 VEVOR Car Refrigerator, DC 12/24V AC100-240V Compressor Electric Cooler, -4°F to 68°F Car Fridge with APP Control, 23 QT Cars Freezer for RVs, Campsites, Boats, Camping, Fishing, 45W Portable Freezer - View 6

...

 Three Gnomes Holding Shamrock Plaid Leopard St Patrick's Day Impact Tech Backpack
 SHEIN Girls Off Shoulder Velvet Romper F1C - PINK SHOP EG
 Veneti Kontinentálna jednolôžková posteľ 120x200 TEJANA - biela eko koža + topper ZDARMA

WHAT THE EXERCISE ASKS – Set down, exactly as they stand above, the lines starting with the line with "SHEIN Girls Off" and going on through the line with "Veneti Kontinentálna jednolôžková", and no others.

ANSWER BOX –
 SHEIN Girls Off Shoulder Velvet Romper F1C - PINK SHOP EG
 Veneti Kontinentálna jednolôžková posteľ 120x200 TEJANA - biela eko koža + topper ZDARMA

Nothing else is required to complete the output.